Donde el capital es castigado y despreciado no hay progreso.
El exceso de requisitos suele justificarse en nombre del interés público. Sin embargo, la multiplicidad de obstáculos obliga a emprendimientos de todo tamaño y naturaleza a nadar contra una fuerte corriente que eleva costos y debilita su capacidad para desarrollarse. Normas cambiantes, discrecionalidad en la aplicación de sanciones, interpretaciones antojadizas y la ausencia de certeza jurídica conducen la actividad empresarial a un ejercicio de supervivencia frente al aparato estatal. La burocracia se convierte en un impuesto oculto, que no recauda para el gobierno, pero sí empobrece a la sociedad, al reducir las oportunidades de trabajo e innovación. Cuando invertir significa exponerse a multas discrecionales, a trámites y tramitadores interminables que se amplían constantemente, se desincentiva la actividad productiva.
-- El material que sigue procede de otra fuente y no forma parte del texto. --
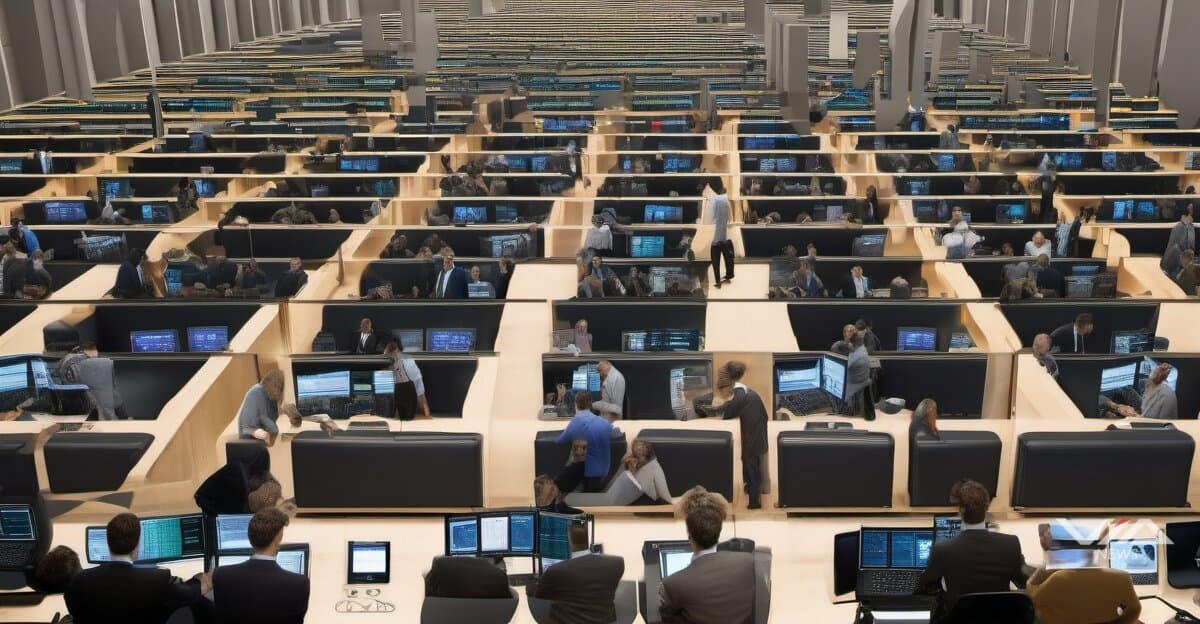 Flow Traders Launches Deep Learning Unit as AI Trading Infrastructure Spending Surges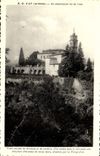 CPA N D d'Ay (Ardeche) Le sanctuaire vu de l'est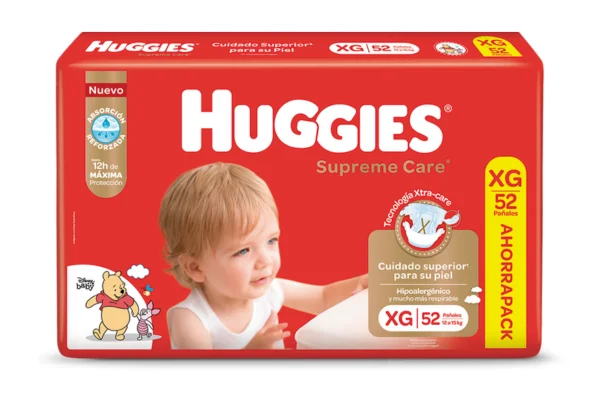 Huggies supreme care xg best sale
A esto se suma un ambiente cultural que no valora, e incluso desprecia, la actividad empresarial. En la narrativa que impregna buena parte del sistema educativo y el discurso político, la economía se explica como un conflicto entre opresores y oprimidos. Bajo esa óptica, el empresario no es un creador de oportunidades, sino un explotador; la riqueza no es fruto del ahorro, la inversión y la innovación, sino de la injusticia. La pobreza, lejos de verse como un reto a superar, se interpreta como una condición causada por los que prosperan. En ese contexto, invertir, producir y prosperar es objeto de sospecha, sujeto al reproche social.
Ambos factores repelen la inversión. No es atractivo arriesgar esfuerzo y capital en un entorno donde los permisos son inciertos, las reglas cambian constantemente y el éxito es recibido con resentimiento en lugar de reconocimiento. La inversión requiere previsibilidad, reglas claras y un horizonte cultural en el que producir no se ve con desconfianza. En ausencia de esas condiciones, el capital no florece, se refugia en actividades especulativas o se traslada al extranjero.
En el caso de la inversión extranjera, los capitales internacionales pueden elegir y naturalmente se orientan a economías que ofrecen certidumbre jurídica y un clima social favorable a la producción. Cuando impera la burocracia y el empresario es visto como enemigo, se reduce la posibilidad de atraer proyectos que generan empleos, tecnología y encadenamientos productivos. El país pierde competitividad, no por falta de recursos naturales o de talento humano, sino por un ambiente que repele en lugar de atraer.
Las sociedades que caen en el espejismo de que la pobreza es culpa de la riqueza, que creen que los requisitos interminables son signo de modernidad, quedan atrapadas en la pobreza que dicen combatir. Donde el capital es castigado y despreciado, no hay progreso.
El factor determinante para elevar salarios y mejorar el nivel de vida es el capital invertido por trabajador. La raíz del progreso social es la acumulación de capital, que solo es posible en un entorno institucional y cultural que lo promueve.